• **Work order**: Using only the entries below, copy exactly the lines that begin at the one with "Side view of young woman in bed" and end at the one with "May include: A", both included. Drop the pictures.

• **Dataset records**:
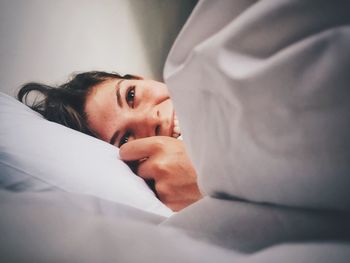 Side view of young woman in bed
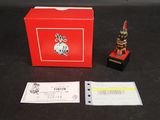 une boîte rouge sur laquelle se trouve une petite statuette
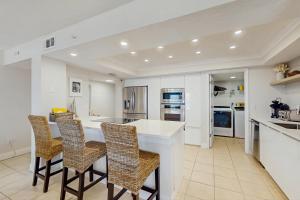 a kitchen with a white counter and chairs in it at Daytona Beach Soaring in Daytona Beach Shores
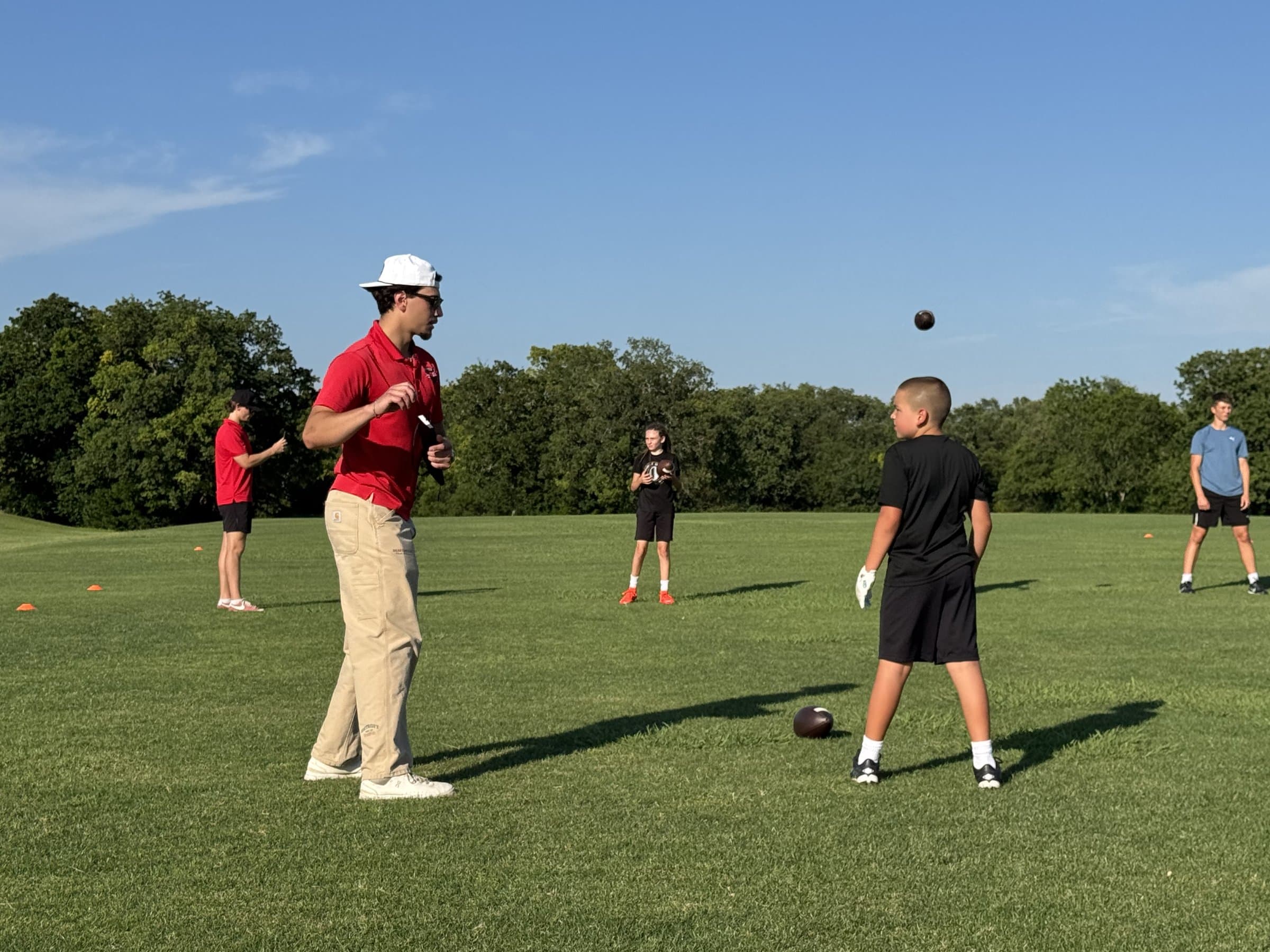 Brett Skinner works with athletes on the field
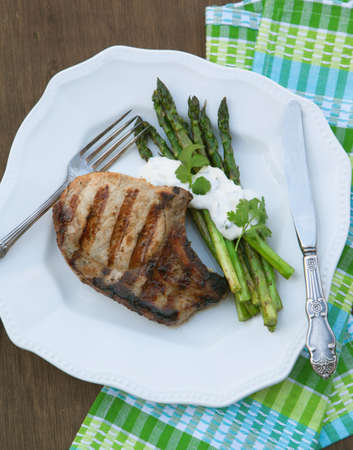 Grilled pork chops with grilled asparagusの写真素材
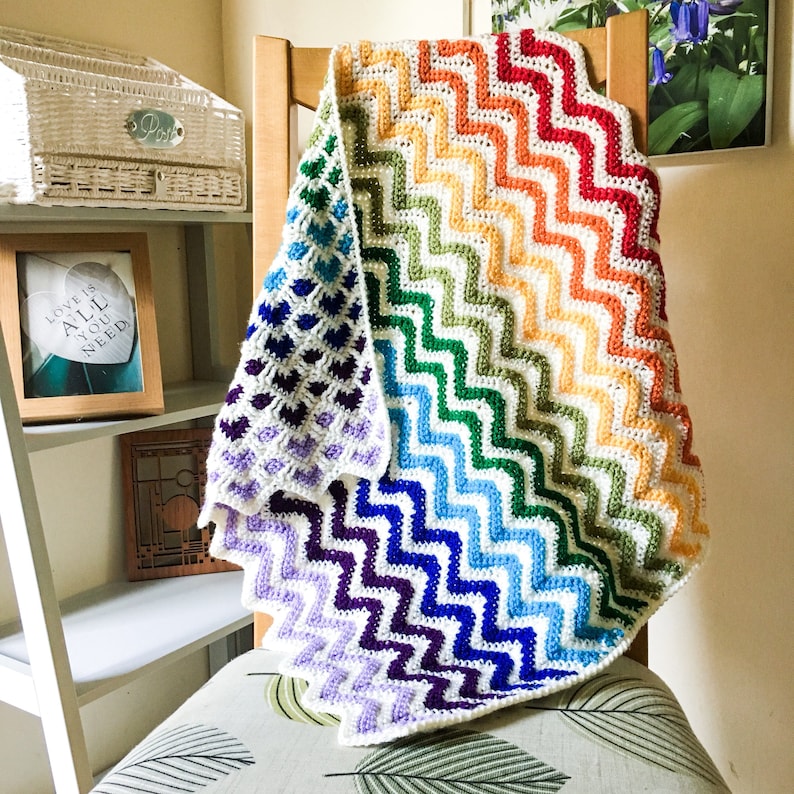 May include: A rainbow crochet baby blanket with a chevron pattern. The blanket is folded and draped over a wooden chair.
--
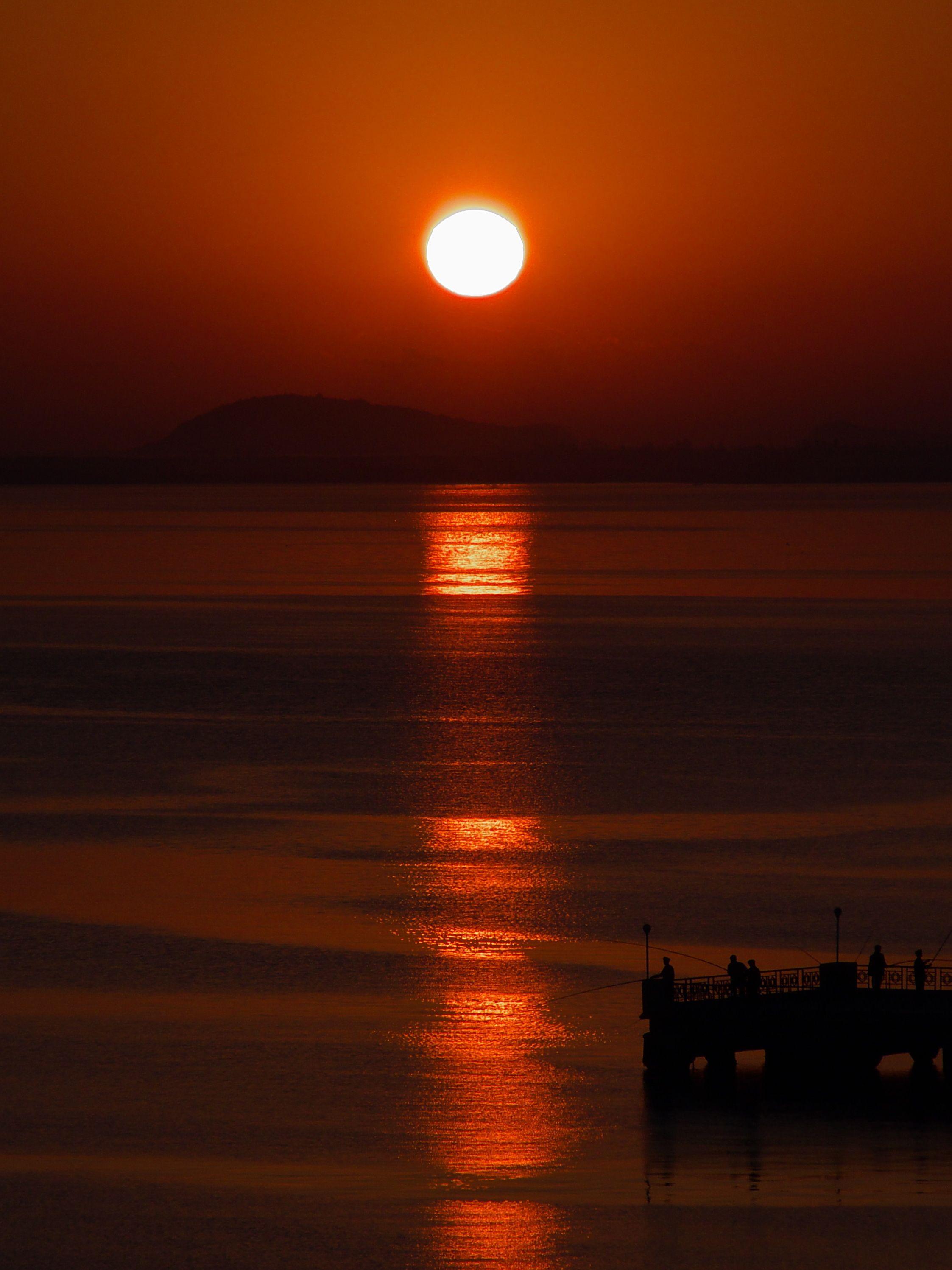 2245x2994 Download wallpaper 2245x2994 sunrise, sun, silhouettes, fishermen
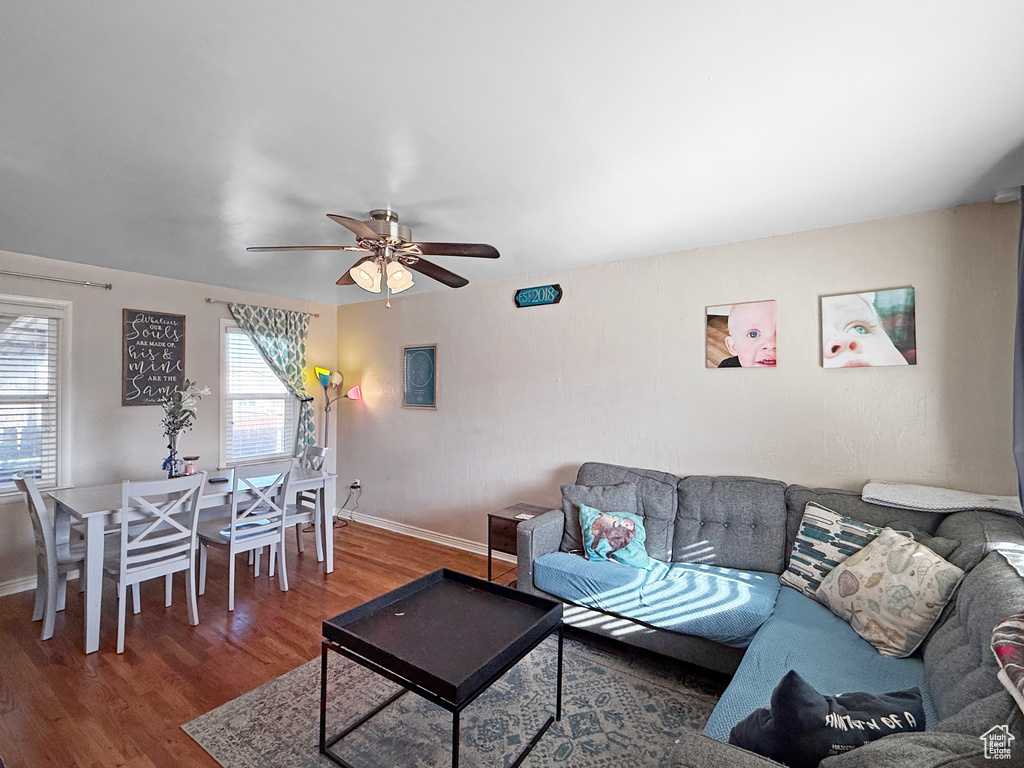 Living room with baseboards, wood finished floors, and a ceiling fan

• **Your response**:
 Side view of young woman in bed
 une boîte rouge sur laquelle se trouve une petite statuette
 a kitchen with a white counter and chairs in it at Daytona Beach Soaring in Daytona Beach Shores
 Brett Skinner works with athletes on the field
 Grilled pork chops with grilled asparagusの写真素材
 May include: A rainbow crochet baby blanket with a chevron pattern. The blanket is folded and draped over a wooden chair.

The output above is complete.